Italian GP: Renault preview

Comments from the Renault team ahead of the Italian Grand Prix Heikki Kovalainen: "Monza is demanding -- and fun because of it!" Q: You put in a strong drive in Turkey... HK: Yes, it was. We did a very good job all weekend with the team, and...

Comments from the Renault team ahead of the Italian Grand Prix

Heikki Kovalainen: "Monza is demanding -- and fun because of it!"

Q: You put in a strong drive in Turkey...

HK: Yes, it was. We did a very good job all weekend with the team, and it paid off because we brought home three points. Of course, we all want to be capable of more, but it was important to get the maximum out of the car at the last race. We managed to do it, so that's a genuine reason to be pleased. It was a good race for me, chasing down Lewis in the final laps, and hopefully I can keep up the momentum in Italy.

Q: Monza is a very unusual circuit. Do you enjoy driving here?

HK: I think it is a very exciting race, because of the layout and also the atmosphere. This is a special weekend in the F1 season. The circuit is very fast, you run very light downforce and the drivers need to maintain total concentration throughout. You often see quite dramatic races here as well, and the Ferrari supporters will be out in force this weekend to cheer on their team. Our goal will be to put on a strong performance for the fans who are supporting us out in the stands too.

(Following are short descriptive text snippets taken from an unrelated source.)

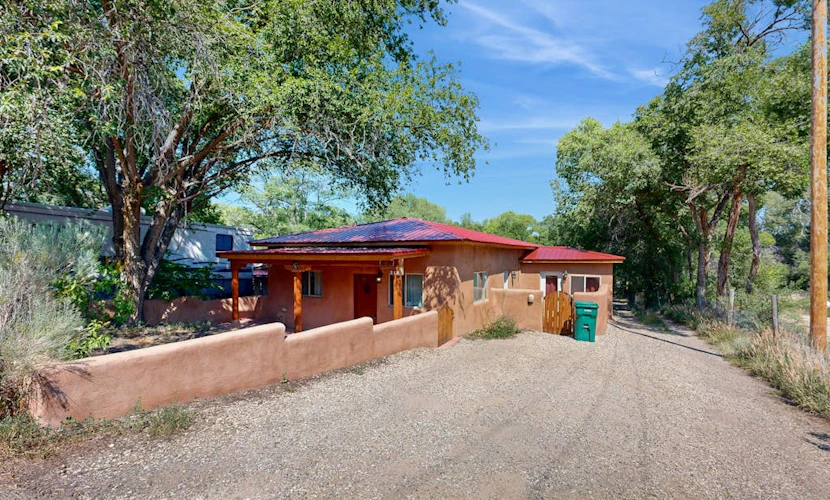 Renovated Modern Adobe Home | Outdoor Oasis & Steam Showers | Walk to Taos Plaza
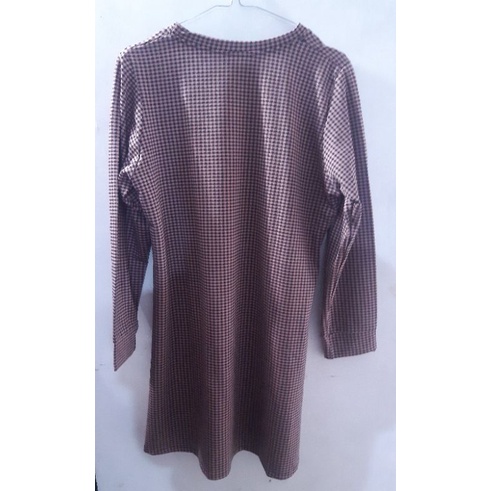 Baju kuliah muslimah bahan kaos pink kotak-kotak kecil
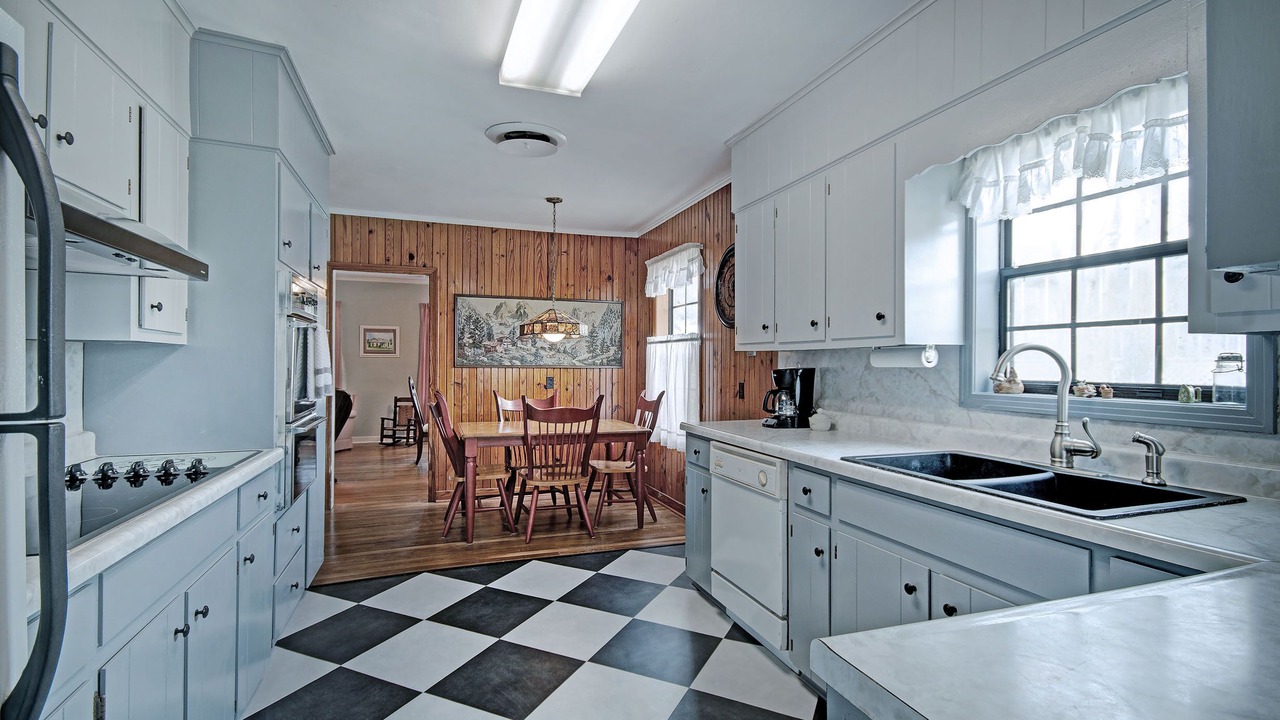 Photo of Kitchen in Flora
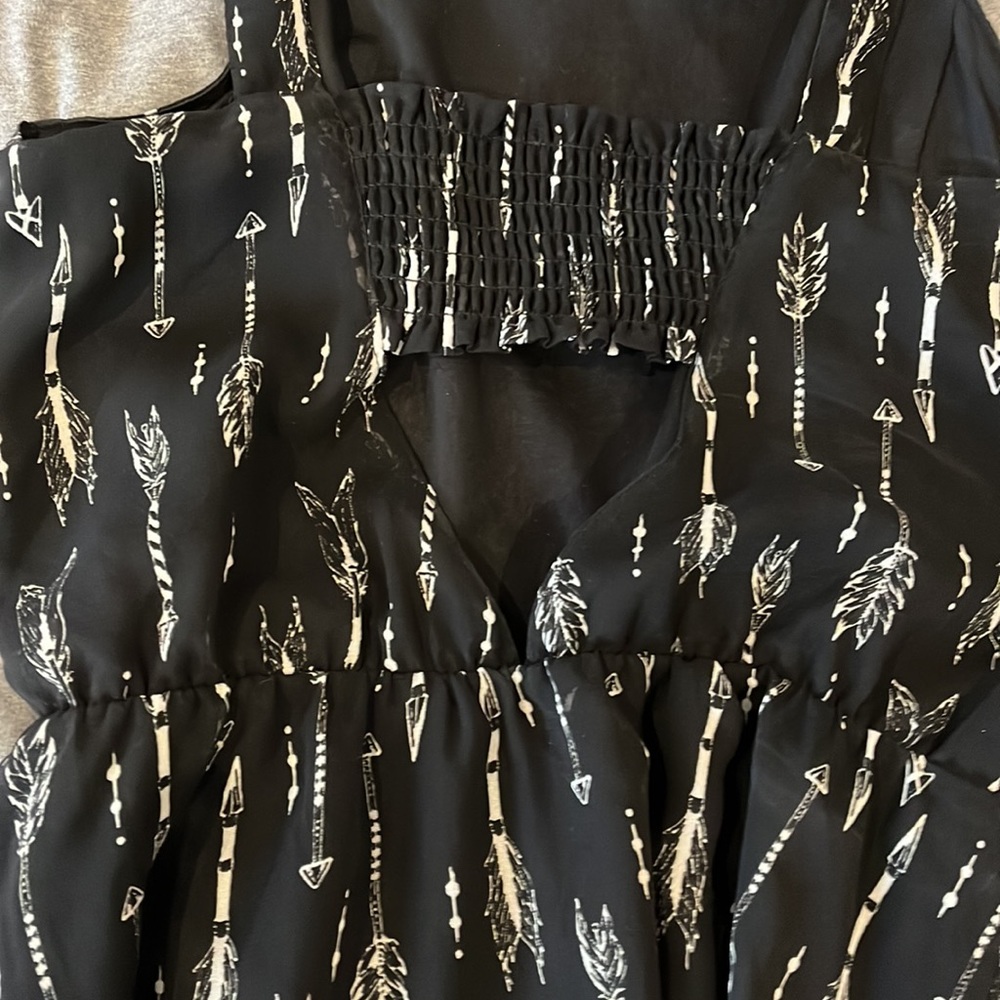 Divided dress - Picture 3 of 4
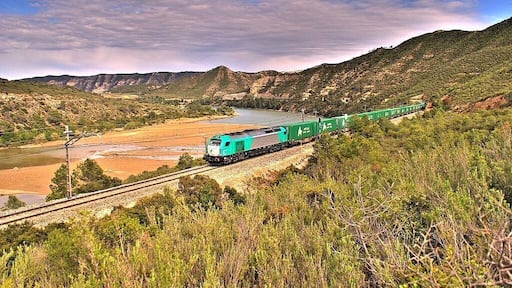 Una de les circulacions per completar el popular triplet de privades de la lĂnia de Caspe, la 335 de ECR amb el Teco de Acotral Tarragona-ClasificaciĂłn -> Madrid-Abroñigal en format HDR. Una de las circulaciones para completar el popular triplete de privadas de la linea de Caspe, la 335 de ECR con el Teco de Acotral Tarragona-ClasificaciĂłn -> Madrid-Abroñigal en formato HDR.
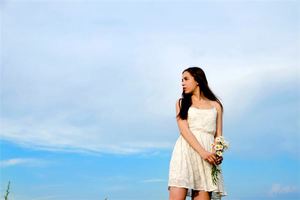 右下巴有痣的女人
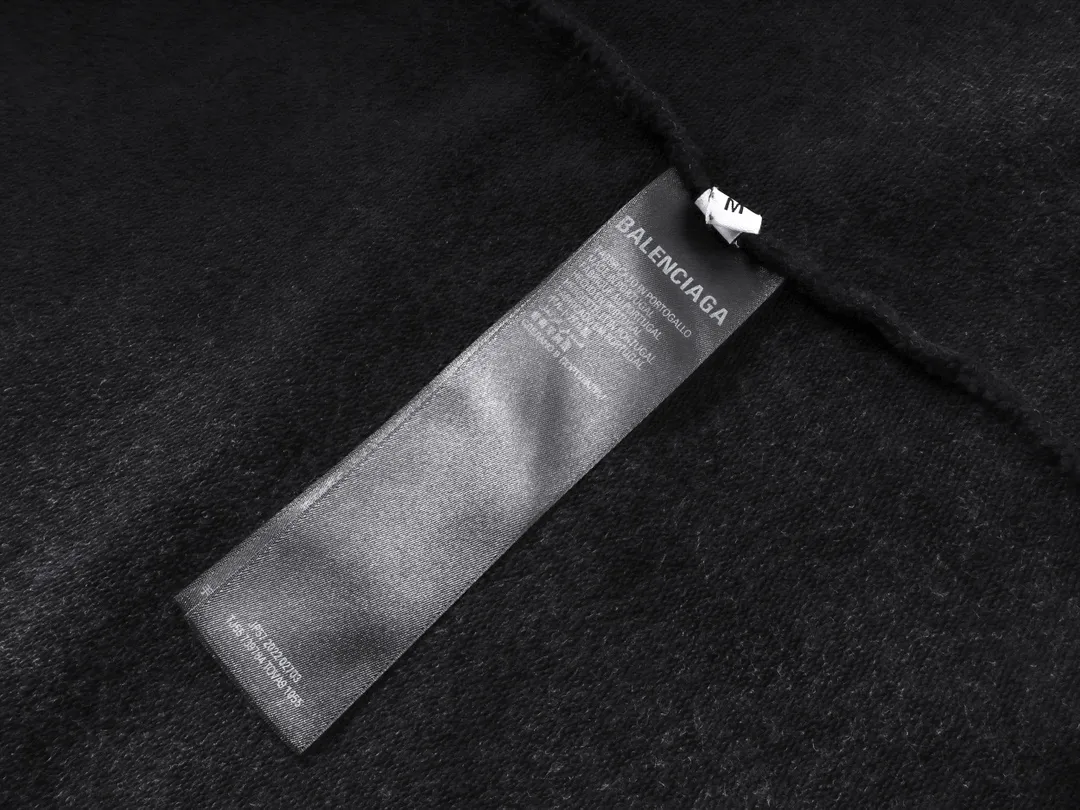 【 . Quality】BALENCI*GA/ .24SS B . ， Y ， 。 . Authentic ， ！ ZP 。 460 ， . ， ，。 。 ， ， 。 。 OS . Same Style ：BL 238936 ：Black Size：XS S M L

Q: What is the impact of the low downforce levels?

HK: It is very demanding for the drivers and the teams. The car feels very "light" to drive, and slides very easily in the corners. Lesmo 1 and Lesmo 2 are particularly tricky, because you take them in 4th gear at high speed and when the tyres are already a bit worn, like in race conditions, it is very difficult to control the car. Those are the unique challenges Monza offers.

Q: What will be the keys to a strong performance?

HK: Monza is a high-speed circuit, and it goes without saying that good top speed is essential. But I think it will be even more important to concentrate on the corner exit, so we can put the power down as soon as possible without sliding and losing time. We looked at these areas during the test and collected lots of data, which we will use to build our programme for Friday practice. We want to show once again that we are making progress, just like we did in Istanbul.

Giancarlo Fisichella: "I can't wait to race at home in Italy!"

Q: Giancarlo, Turkey was a tough race -- but you still pushed all the way to the flag...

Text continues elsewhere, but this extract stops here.